В конце концов именно это поначалу неверное и смутное чувство незыблемости его физического положения, день ото дня укрепляясь и становясь, как мелодия русских ручейков в марте, отчетливым и ясным, вернуло Сукина к жизни. Однажды утром он открыл глаза и увидел возле своей кровати тетю. Она сидела в чем-то немыслимо чистом и белом, словно сшитом не из ткани, а из свежих лепестков роз и орхидей, такая зеленоглазая и розовогубая, что Сукин невольно рассмеялся, потом заплакал, потому что счастье его в своей огромности не признавало сторон света, плюсов и минусов и, словно океан, совалось во все уголки данных природой Сукину чувств и ощущений. Он не погубил единственную на всем огромном свете золотоволосую тетю своим беспамятством, не стал в очередной раз орудием убийства и медиумом исчезновения, он...
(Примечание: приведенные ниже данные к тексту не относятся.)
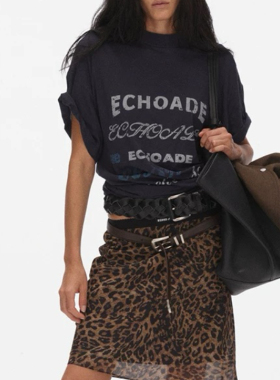 ECHOADE甄选长绒棉轻薄不闷热小圆领短袖不规则设计印花T恤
– Простите, – прошептал Сукин, приподнимая голову, – простите, я... Это потому, что Валентинов на меня кричал... он хотел... он рукой...

– Он больше никогда, никогда уже этого не сделает, – быстро сказала тетя, ласково, но повелительно укладывая еще горячую голову Сукина на мягкую прохладную подушку. – Никогда...

– Почему? – спросил Сукин, послушно закрывая глаза.

– Потому что Бог нам помог, – ответила тетя, но ее слов Сукин уже не слышал, он спал ровным и спокойным сном выздоравливающего ребенка.

Через неделю Сукин уже настолько поправился и окреп, что врач разрешил ему автомобильные прогулки с тетей в Венсанском лесу. От скрипа мелкого гравия под колесами, от сладких причмокиваний тетиных губ, от света, черно-белыми пальцами быстро-быстро перебиравшего шторки на окнах пассажирского салона, Сукину казалось, что вовсе не стебелек с тяжелым горячим бутоном отныне поднимается из его тела, а само его тело, все целиком, уходит, преображается в могучий ствол и корень, раздирающий небо и землю во всю ширь баобаба и вышину секвойи, и ничего не оставляет это взрывообразное сгущение и расширение плоти, кроме всепоглощающего солнца. Через час-другой вылизанный и умытый Сукин уже сидел с тетей в кафе швейцарца Пульвермахера и важно ел фондю, наматывая густой мед сыра на тростниковый рафинад подсушенного хлеба. А тетя тем временем рассказывала о Мексике, таинственной и прекрасной стране, в которую она собиралась увезти Сукина, как только доктор Тувабьен решит, что мальчик уже совершенно здоров и готов к длительному морскому путешествию.